12.Bölüm: ''Ufak Tefek Kalp Çarpıntıları"

Start from the beginning
                                    

''Zaten salaksın sen.''

Ayağımı kaldırıp dizine geçirdim. O da benim kafama vurdu.

''Abim nerede?'' diye sordum çayı demlerken. ''İşe gitmedi değil mi bugün?''

''Yok gitmedi,'' dedi Bekir buzdolabının kapağını açtığında. ''Ekmek almaya gitti.''

''Sen niye gitmedin?''

''Sen sor diye!'' Ardından dolabı inceledi. ''Ne yiyeceğiz? Sucuklu yumurta yapalım.''

''Abim gelsin bakarız,'' dedim. ''Öteki süslü nerede ya? Çakıldı banyoya!''

''Ne bağırıyorsunuz?'' diye içeri girdi kafasında pembe havluyla. Yüzünde de kil maskesi vardı.

Bekir korkuyla, ''Siktir korktum lan!'' diye baktı.

Gülmeye başladım.

Hale ablam, ''Her gün aynaya bakınca yaşadığın duygu zaten Bekir,'' dedi.

''Bu evdeki herkes mizahşör!''

''Çünkü Gündüzler...''

''Çünkü Allah'ın delileri...''

''Acıktım ben!'' diye seslendi içeriden Gürbüz. ''Annem şimdiye çoktan karnımı doyurmuştu benim!
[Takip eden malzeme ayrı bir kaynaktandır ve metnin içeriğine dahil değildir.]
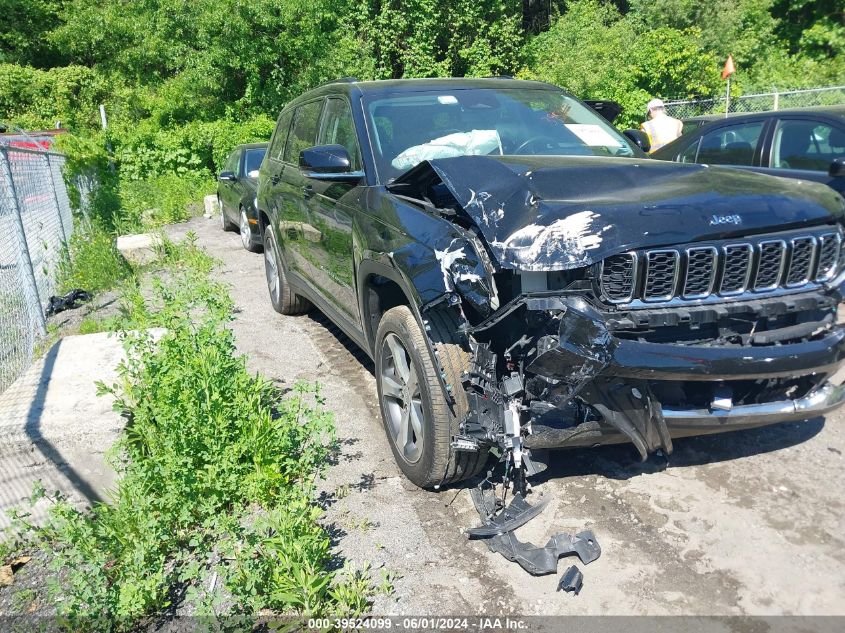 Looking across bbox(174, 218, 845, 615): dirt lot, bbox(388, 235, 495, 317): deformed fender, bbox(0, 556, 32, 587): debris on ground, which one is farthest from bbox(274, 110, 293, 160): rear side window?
bbox(0, 556, 32, 587): debris on ground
Yemek yapın artık öleceğim!''

''Saat dokuz?'' diye baktım saf saf. ''Bu çocuk acıkmış ve açlığından ölecekmiş. Bekir salağı salonun ortasında top oynuyor,'' deyip elimle işaret ettim. ''Git o kırıkları topla! Hemen şimdi!''

''Toplarız ya,'' dedi umursamaz bir sesle. ''Gezmeyin oralarda.''

''Ayrıca bir çerçeve al ve fotoğrafı içine koy.''

''Babamın büyük büyük dedesinin ve anneannesinin fotoğrafı orada olmalı çok gerekli tabii. Rahmetliler fosil oldu artık!''

Bekir'e boş gözlerle bakarken Hale ablam Bekir'in kapattığı buzdolabını yeniden açtı. Homurdandım. ''Altın madeni yok açıp durmayın şu kapıyı.''

''Avokado bitti mi?'' diye sordu Hale ablam. ''Tost yapacaktım. Abim kepekli ekmek aldı mı?''

Bekir'le birbirimize baktık boş gözlerle.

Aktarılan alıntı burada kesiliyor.